What is needed ::
Copy every line of the records exactly, without including the images.

Source material ::
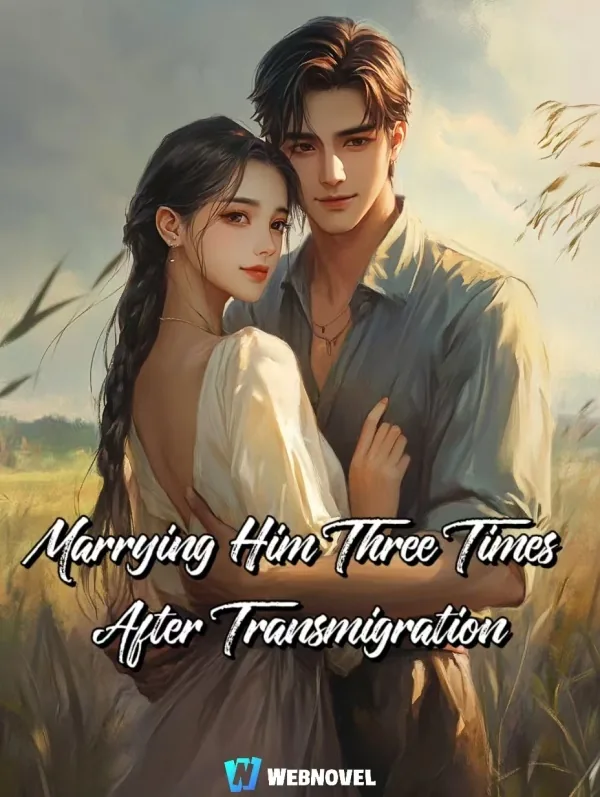 Cover of Marrying Him Three Times After Transmigration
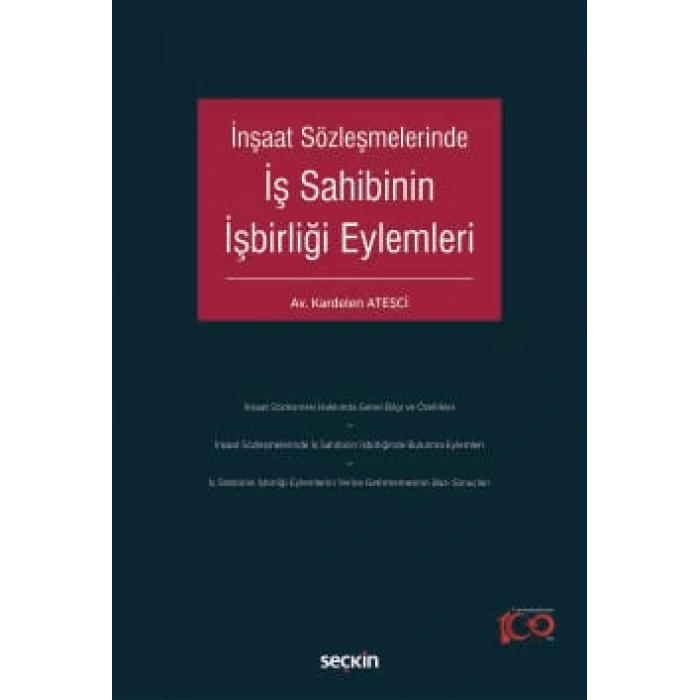 İnşaat Sözleşmelerindeİş Sahibinin İşbirliği Eylemleri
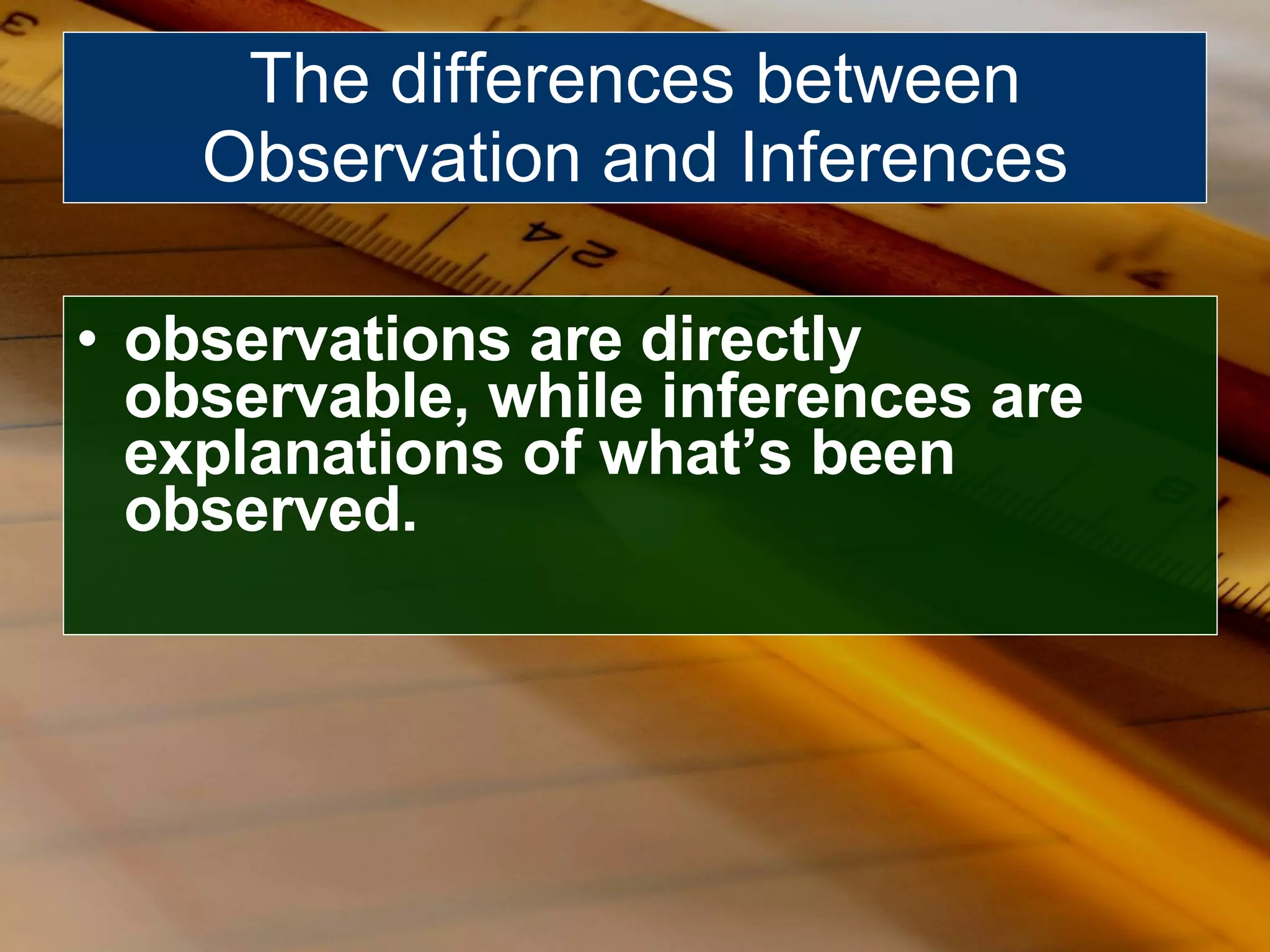 observations are directly observable, while inferences are explanations of what’s been observed. The differences between Observation and Inferences 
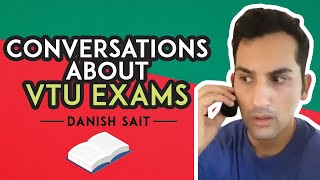 Conversations About VTU Exams 📞😬 | Danish Sait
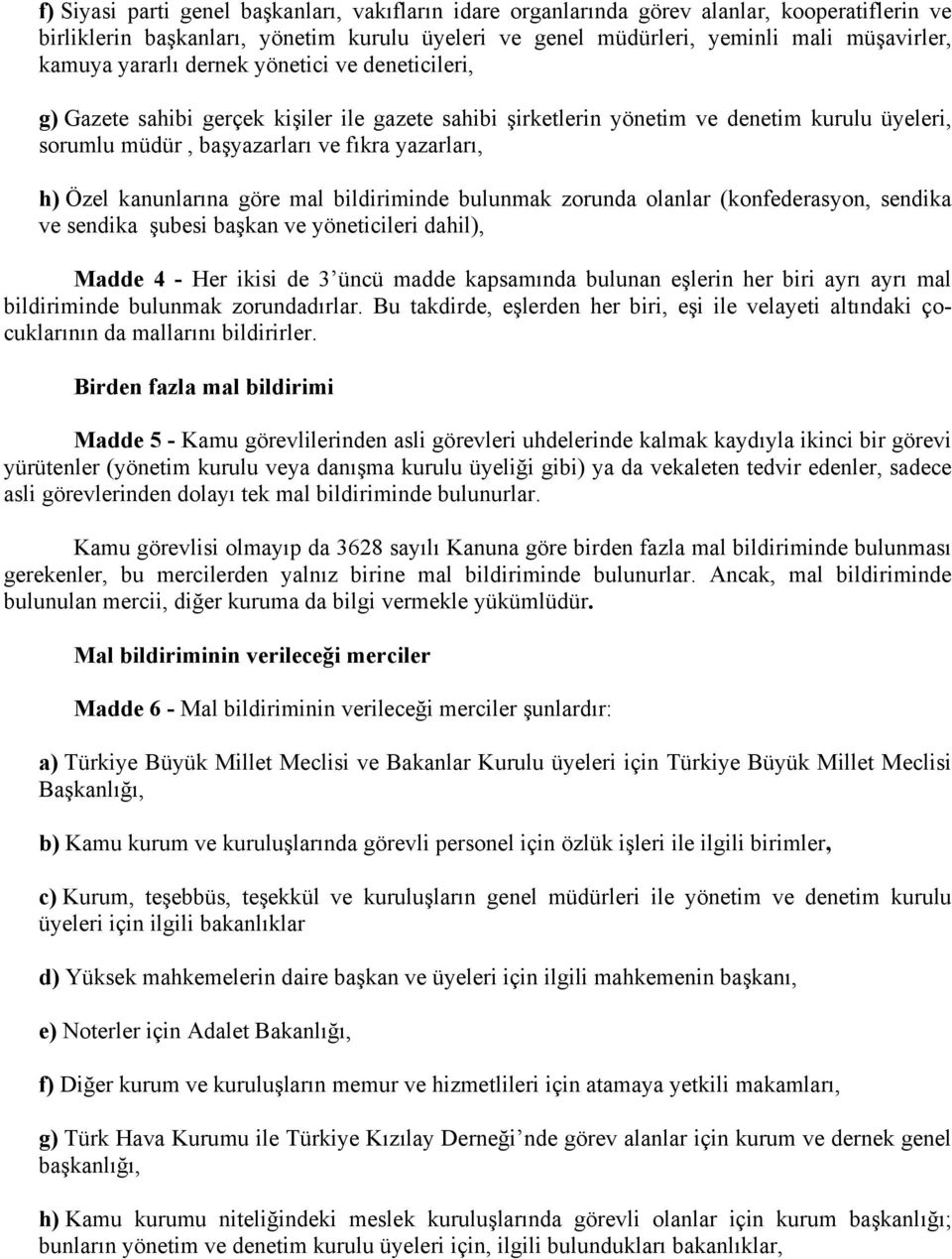 kanunlarına göre mal bildiriminde bulunmak zorunda olanlar (konfederasyon, sendika ve sendika şubesi başkan ve yöneticileri dahil), Madde 4 - Her ikisi de 3 üncü madde kapsamında bulunan eşlerin her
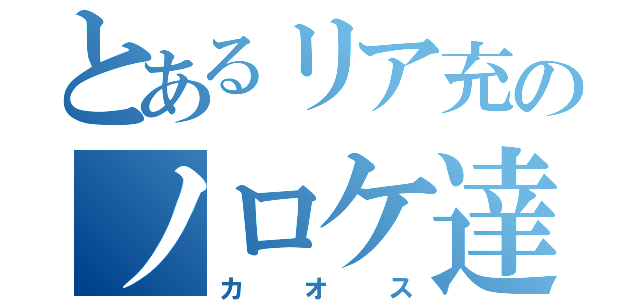 とあるリア充のノロケ達（カオス）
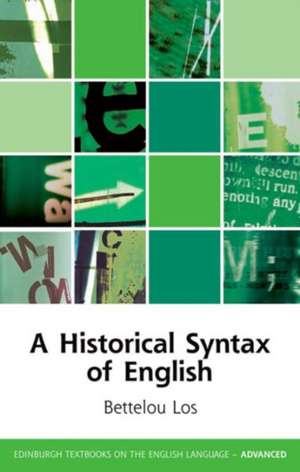 A Historical Syntax of English de Bettelou Los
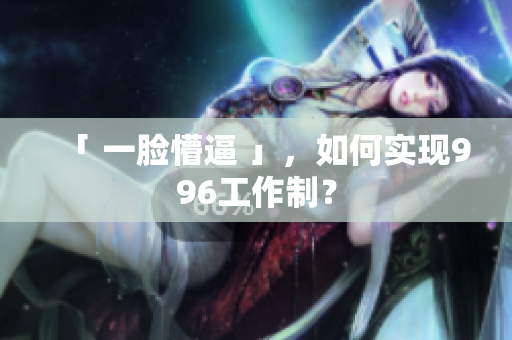 「 一脸懵逼 」，如何实现996工作制？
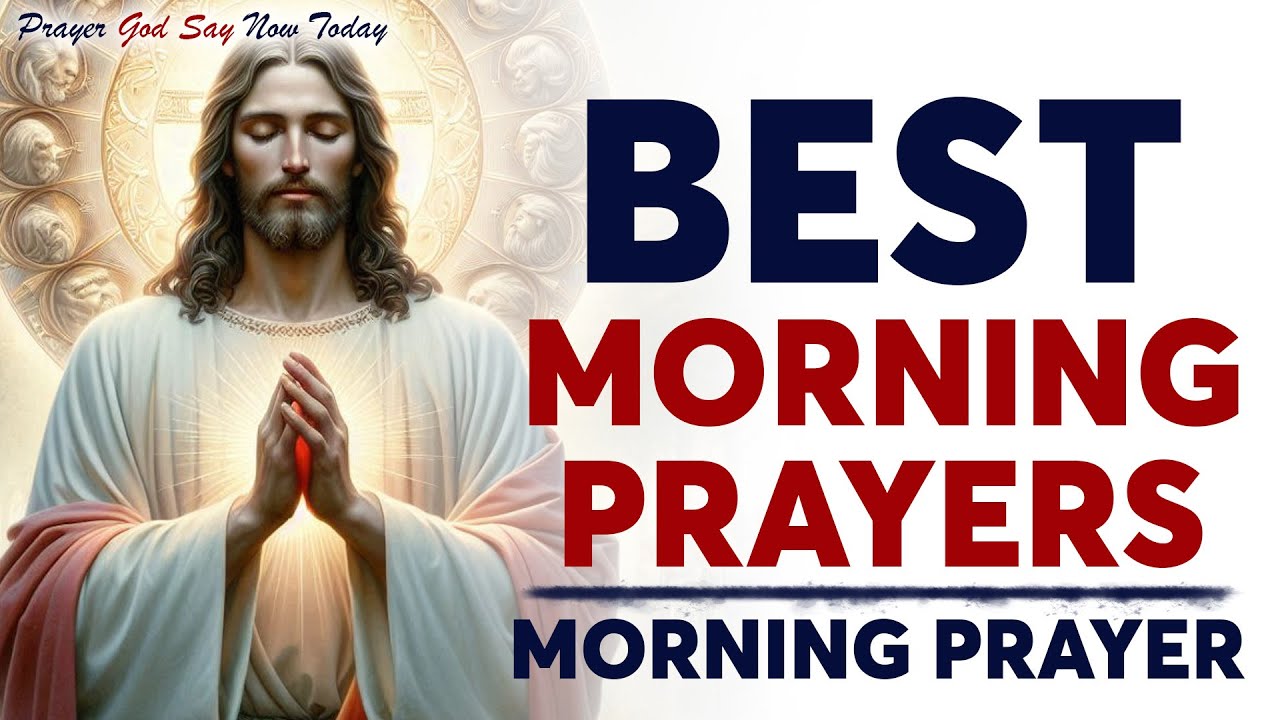 Start The Day With Blessed Prayers | God's Promises Of Protection | Grace & Mercy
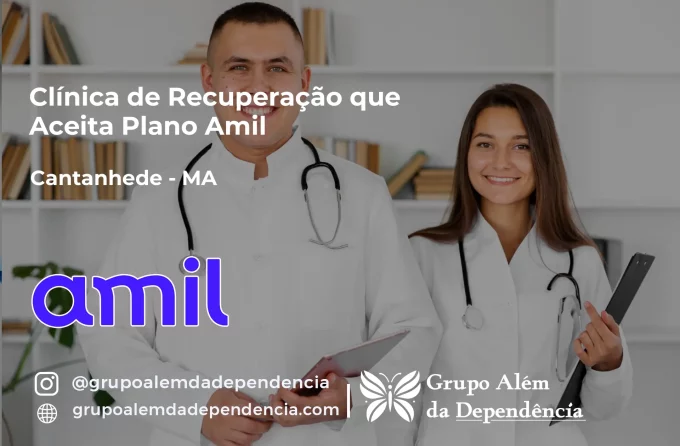 Clínica de Recuperação que Aceita Amil em Cantanhede - MA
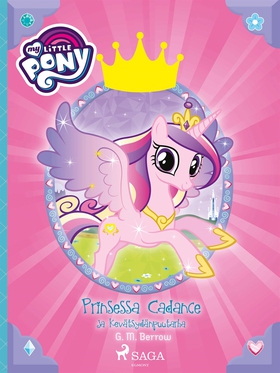 My Little Pony - Prinsessa Cadance ja Kevätsydä
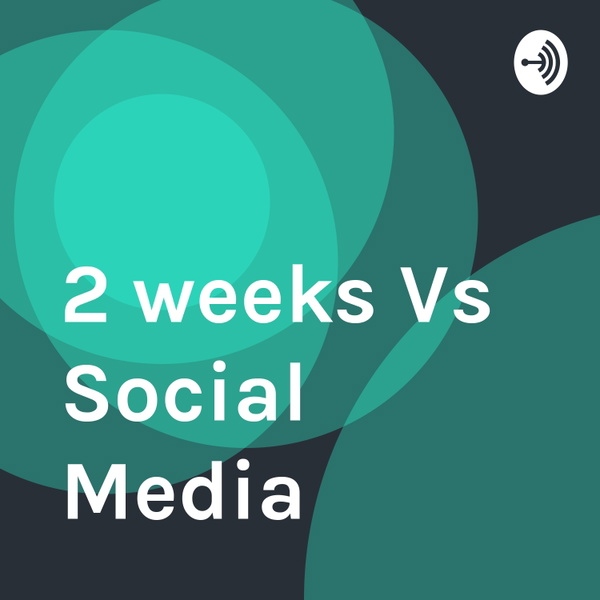 Artwork for 2 weeks Vs Social Media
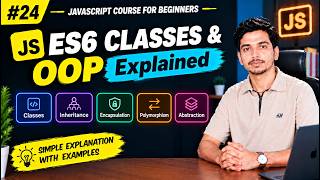 JavaScript Classes & OOP Explained | Inheritance, Encapsulation & More | Lecture 24 #opps #web #js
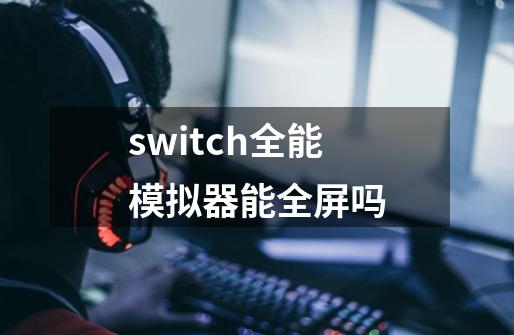 switch全能模拟器能全屏吗-第1张-游戏信息-龙启网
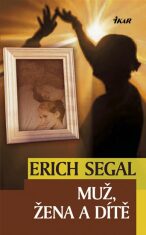 Muž, žena a dítě - Erich Segal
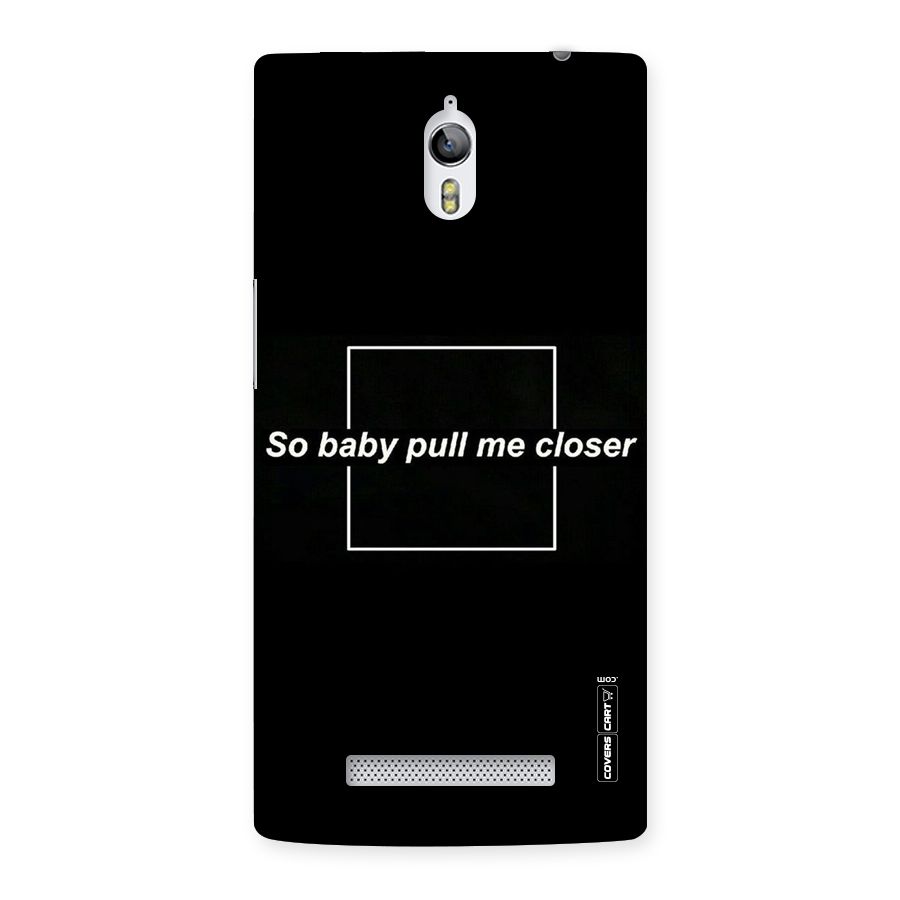 Pull Me Closer Back Case for Oppo Find 7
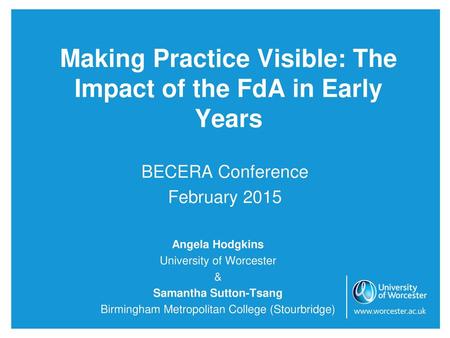 Making Practice Visible: The Impact of the FdA in Early Years
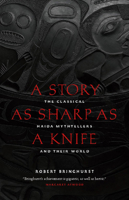 A Story As Sharp As a Knife: The Classical Haida Mythtellers and Their World (Masterworks of the Classical Haida Mythtellers) 1553658396 Book Cover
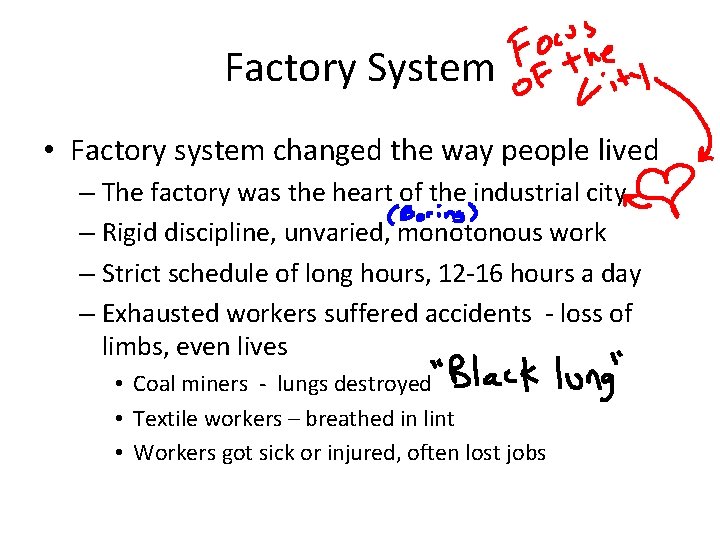 Factory System • Factory system changed the way people lived – The factory was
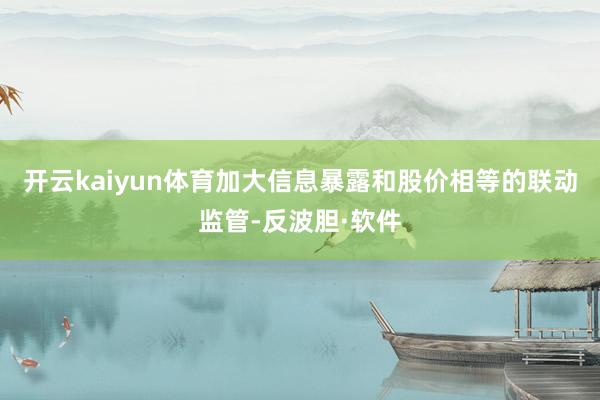 开云kaiyun体育加大信息暴露和股价相等的联动监管-反波胆·软件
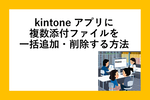 kintoneアプリに複数の添付ファイルを一括登録・削除する方法　ExcelやAccessでも使える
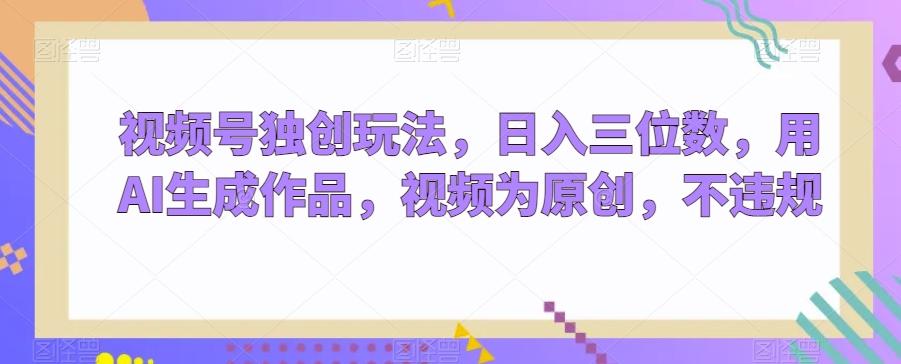 视频号独创玩法，日入三位数，用AI生成作品，视频为原创，不违规-轻创副业圈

Answer box ::
 Cover of Marrying Him Three Times After Transmigration
 İnşaat Sözleşmelerindeİş Sahibinin İşbirliği Eylemleri
 observations are directly observable, while inferences are explanations of what’s been observed. The differences between Observation and Inferences 
 Conversations About VTU Exams 📞😬 | Danish Sait
 kanunlarına göre mal bildiriminde bulunmak zorunda olanlar (konfederasyon, sendika ve sendika şubesi başkan ve yöneticileri dahil), Madde 4 - Her ikisi de 3 üncü madde kapsamında bulunan eşlerin her
 とあるリア充のノロケ達（カオス）
 A Historical Syntax of English de Bettelou Los
 「 一脸懵逼 」，如何实现996工作制？
 Start The Day With Blessed Prayers | God's Promises Of Protection | Grace & Mercy
 Clínica de Recuperação que Aceita Amil em Cantanhede - MA
 My Little Pony - Prinsessa Cadance ja Kevätsydä
 Artwork for 2 weeks Vs Social Media
 JavaScript Classes & OOP Explained | Inheritance, Encapsulation & More | Lecture 24 #opps #web #js
 switch全能模拟器能全屏吗-第1张-游戏信息-龙启网
 Muž, žena a dítě - Erich Segal
 Pull Me Closer Back Case for Oppo Find 7
 Making Practice Visible: The Impact of the FdA in Early Years
 A Story As Sharp As a Knife: The Classical Haida Mythtellers and Their World (Masterworks of the Classical Haida Mythtellers) 1553658396 Book Cover
 Factory System • Factory system changed the way people lived – The factory was
 开云kaiyun体育加大信息暴露和股价相等的联动监管-反波胆·软件
 kintoneアプリに複数の添付ファイルを一括登録・削除する方法　ExcelやAccessでも使える
 视频号独创玩法，日入三位数，用AI生成作品，视频为原创，不违规-轻创副业圈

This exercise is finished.